Man we've come a long way since then.

------
LoonyPandora
Agree with people here. Absolutely yes.

True Story: I was in the same boat. Usually people have never used it, but
google for it to verify it's real - and are suitably impressed.

However, one day I interviewed at a company who had not only heard of it, but
actually used it in production! I couldn't help but blurt out "Really? The
code is horrible isn't it." - This turned the tide of the interview, as it
showed the interviewers I had the ability to objectively review code and learn
from my mistakes.

I was hired, but had to suffer being the butt of all jokes for a long time.

------
covati
I definitely agree with the comments here. I don't know one good developer who
doesn't want to rewrite 50% of what they previously written. That rate always
goes up to about %100 if it's written when they were anywhere near new to a
language.

The fact that you belted something out that was useful and stable enough to
still be active is a testament to your intelligence - and that is what a good
potential hire employer is looking for.

BTW, you looking for a job in Durham? [http://argylesocial.com/jobs/durham-nc-
software-engineering-...](http://argylesocial.com/jobs/durham-nc-software-
engineering-job)

/adam

------
nl
Hell yeah!

If you are lucky they might even ask you about it in an interview, and then
you'll get a chance to explain how & why you'd do things differently.

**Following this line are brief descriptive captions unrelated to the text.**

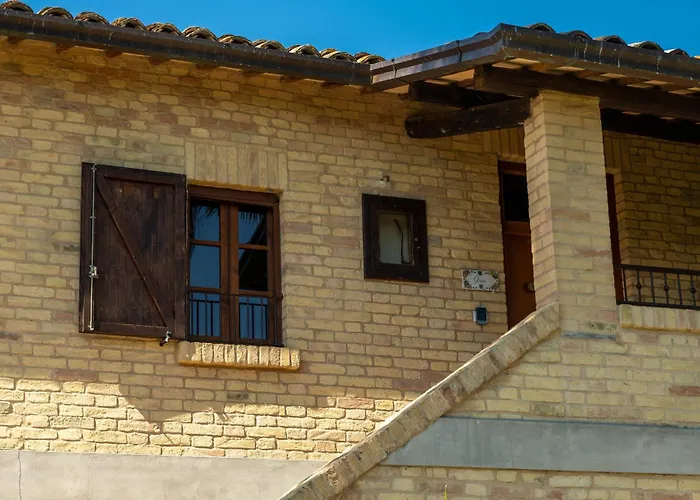 Iulia - Vibra Villa Controguerra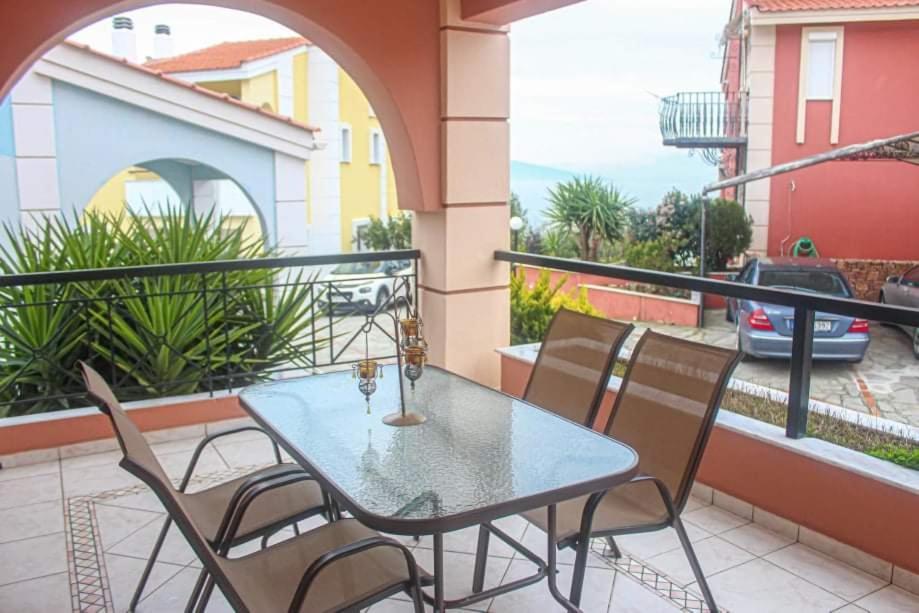 Endless Blue Seaside Villa PalaiónTsiflíkion Екстериор снимка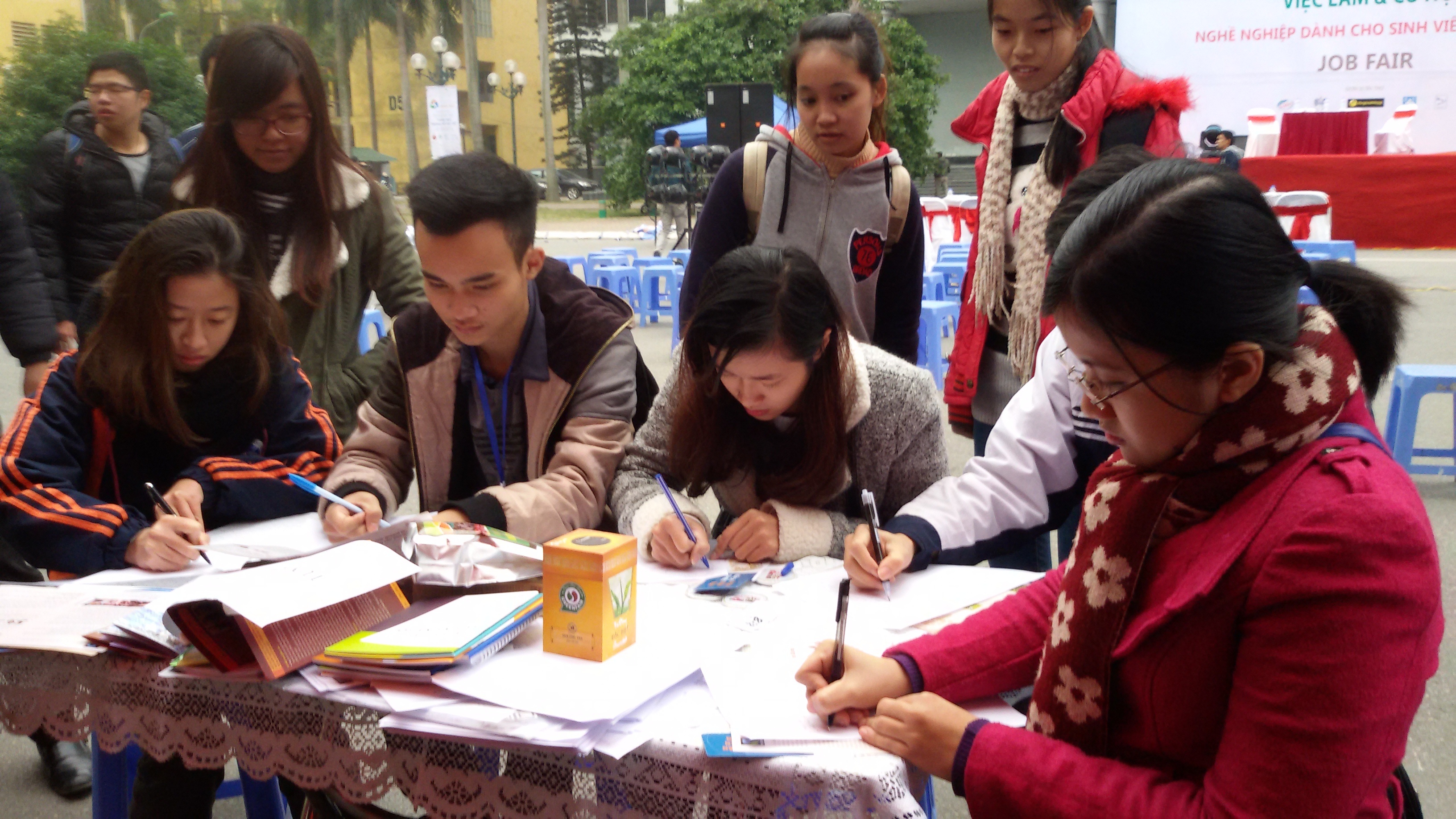 'Neu muon xin duoc viec lam, ban tre ngu it thoi' hinh anh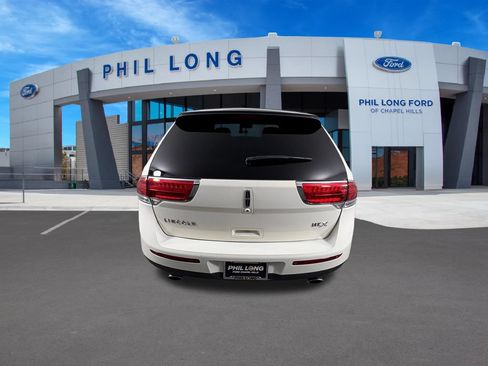 Used 2013 Lincoln MKX FWD image 4
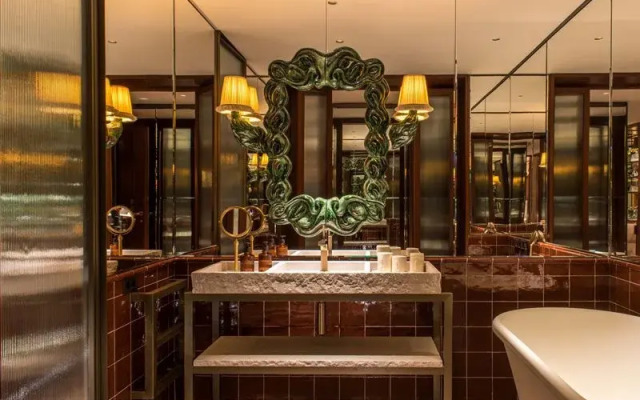 Brach Madrid - Evok Collection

More likely, though, they'll see the name of it and go _oh, I've heard of that
- it seems to be used a bit so it can't be total crap_ and put you in the
"interview this person" pile.

------
cincinnatus
Everything you wrote more than six months ago is crap, or should be. If it
isn't you've stopped growing as a developer.

Anyone looking to hire you either grasps this, or isn't a sound enough
developer to see past the popularity of the package. Either way you win.

------
pixeloution
Have to ask: what's the app? If it something thats not only popular buy well
thought of -- well, you can always mention in an interview how you're unhappy
with it and how you'd improve it today.

Most programmers - myself included - look at things we did last year, two
years ago, etc and think "how awful is this?". I've yet to meet someone who
doesn't.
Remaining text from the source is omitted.